THREE POEMS FROM DIAPASON
I: Luna
Honour to virgins! Of the elements, all
but five are lustful, and possessed; but these,
nobly inert, viewless, ethereal,
even in heat repel the valencies
of baser fabric (base because erect
with double gender). Such virginities,
the lunar hand of pearl of the elect,
gas-goddesses, are counted soon indeed:
what of those other vestals, to perfect
whose indivisible maidenheads there breed
no parent figures? - and from whose power descends
ipse alone? Like unpredictable seed,
they flower still where number itself extends:
other, and hybrid, rabble-integers reach
beyond themselves (Aleph begins, not ends):
these are as many, though; for each to each
- as facing mirrors double and recede -
must correspond. Not so the forms of speech:
honour to those for whom there are decreed
no proper mates, whom charts of rhyme reject.
For months of iron may be paired at need;
never the iceberg plinth, or insurrect
sistrum of wyvern dogma: silver keys
that open mirrored nothing, nor connect
with any ward. Here fertile numbers freeze
as well as primes: few that are cardinal;
most, that name place or that assign degrees.
And, all being virgin, honour to them all!
II: Venus
The Song of Solomon 2:5 (Authorised Version)
With flagons of what metal? In the bloom
of copper, transubstantiate wines must bleed
thin as the milk of garnets - knowing whom,
oh Cyprian, their shell is named for. Feed
on apples of what colour? On the bough
all gold and flame; but lusted for, untreed,
of bitter emerald. The lover now
eats without comfort, drinks and never slakes
- your goblets too turned-green. Oh Cyprian, how
flourish on fables when your power breaks?

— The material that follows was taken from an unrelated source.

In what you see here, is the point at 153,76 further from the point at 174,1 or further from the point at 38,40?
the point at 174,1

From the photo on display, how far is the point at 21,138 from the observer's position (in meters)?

- on paradox and horror and nightmare bride:
testes of toadstools, hag-sperm, hair of snakes,
or sweat of beetles? Yet your power died
from hope withheld: not like a dish let fall,
but like a priapism unsatisfied.
Rare in your transits, have you thought at all
by hidden sunlight your albedo wakes,
that riding past His face grows dark and small? -
all the long shining while the lover aches,
ends in a blemish on Apollo's brow?
Ancient your empire, narrow your mistakes,
but you have no more damsels to endow;
the hands that flattered once are hooked in greed;
the wells are poisoned, and the steeples bow.
Dry nipples are the grapes your kisses knead;
Hesperides, as withered as your womb,
upraise the maggot in the cups of seed:
rose, you are sour: let the sweet nightshade bloom.
III. Sol
How is it with you, around Helicon,
deserted poet? Are they to your mind,
these groves and streams, the Muses being gone? -
all but the lying Clio and the blind
Urania. Forget those golden wires
that no more shiver and spell within your vined
academy, nor kindle from your fires.
Apollo, neither prophet nor who sings,
poor little shrewmouse of abandoned choirs,
your vatic hymns gnawn into mutterings,
your topaz chariot in the deep and cone
of annular eclipse: the chords and springs
of the fine fountain are no more your own,
your dawning dwindled to a corposant,
and your new-public Daphne a dry crone.
After its nuptial flight, the fallen ant
walks tunnelled earth, has loved its last of wings:
thus with your aery horse; now he must pant
- gone in the wind, spavined and thrushed - on strings
twisted or shrunk: for shame to his dead sires,
a gelding, glandered. Ride him now? That brings
no more Aeolian madness in the gyres
of middle-aether, bird-and-blaze-entwined:
true laureates are mounted on entires.
God of the broken music, the dead rind
of manhood, have you wreaths to rest upon?
Bowman-avenger paled, oh light declined,
dark be your comfort around Helicon.